ELA SABIA QUE ELE NÃO ERA CONFIÁVEL.
Podem chamar ciúme, podem ajuntar um doentio na bagagem da ênfase, podem esculhambar à vontade. Ela sabe.
Quando o conheceu, era apenas um menininho bobo, recém-descabaçado, incerto ainda em encontrar um modo claro de se comportar no mundo.
Ela não lembra quando – nem por que – mas um dia ele começou a ser importante pra ela.
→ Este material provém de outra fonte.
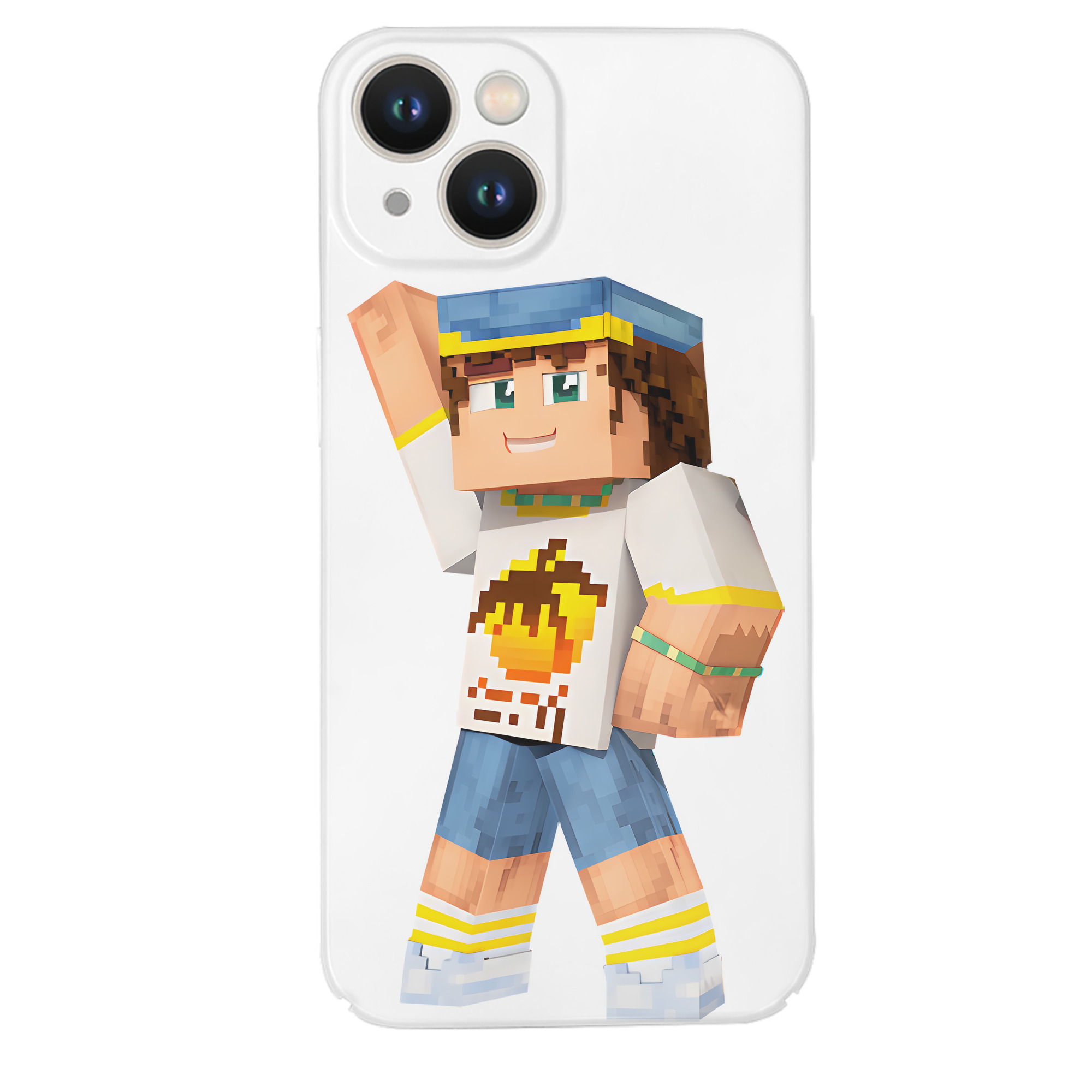 （画像用） マインクラフト ブロックの世界 Minecraft MC Block world 【iPhone 14シリーズ対応】ハードケース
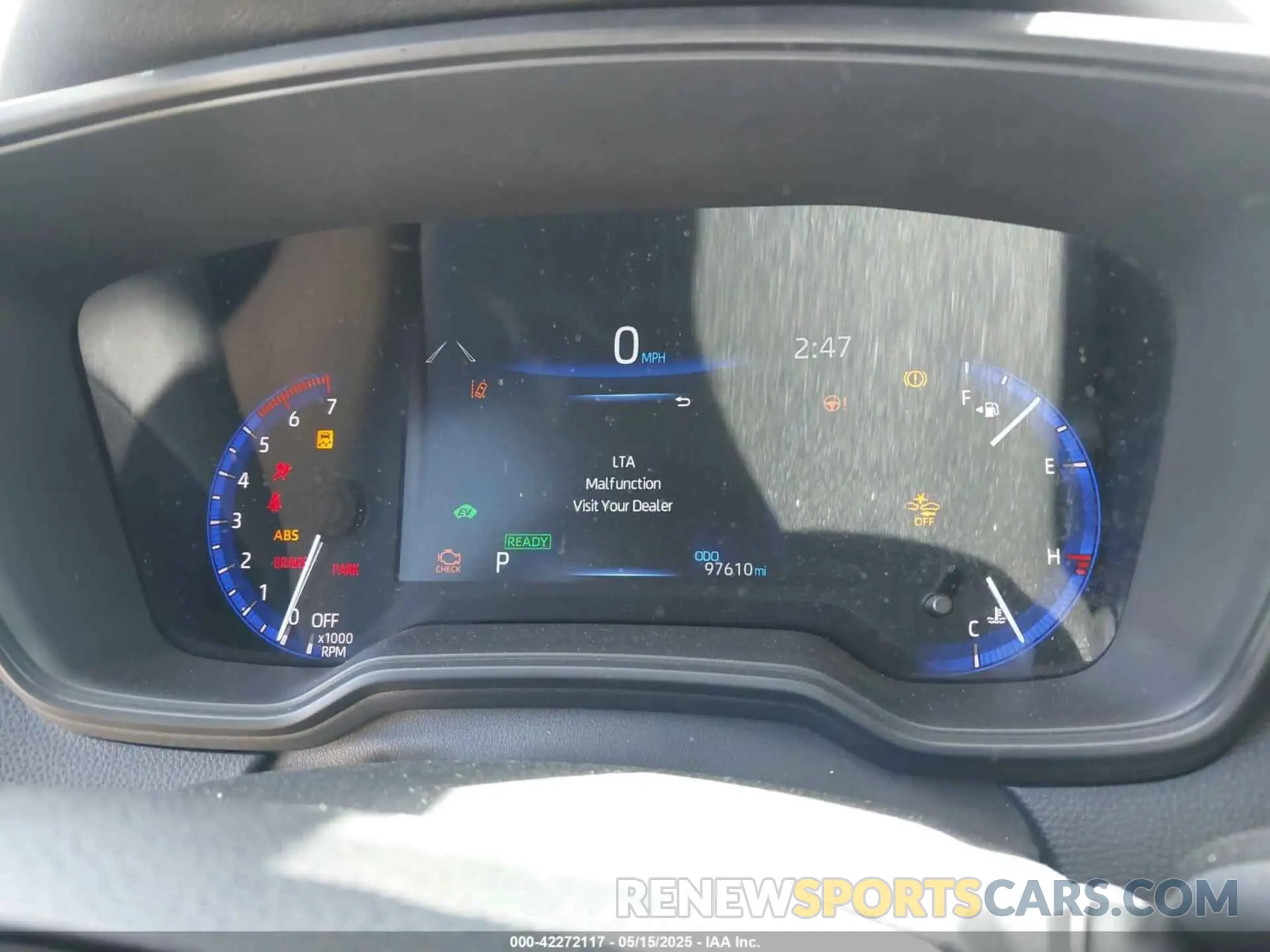 7 fotografías del automóvil dañado JTDEAMDE2NJ036337 TOYOTA COROLLA 2022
Tornou-se alguém em quem depositar atenção, carinho, e sexo.
Ela não costumava usava sutiã. Ele escorria suas mãos entre os botões que abriam-se como desabrochando. Com as palmas e as fissuras das palmas – a linha da vida, a linha da cabeça, a linha do coração – abocanhava o volume pleno dos seios. Só muito depois ela descobriria ser aquilo tudo incomparável.
No começo ela apenas se deixava acariciar. Uma entrega anônima. Não importava quem, importava o que faziam com ela. A maioria não sabia fazer.
Logo começou a sentir dolorosamente a ausência daquelas mãos, da boca, dele inteirinho à sua frente, para seu uso e abuso. Para que dela fizesse uso, e abuso.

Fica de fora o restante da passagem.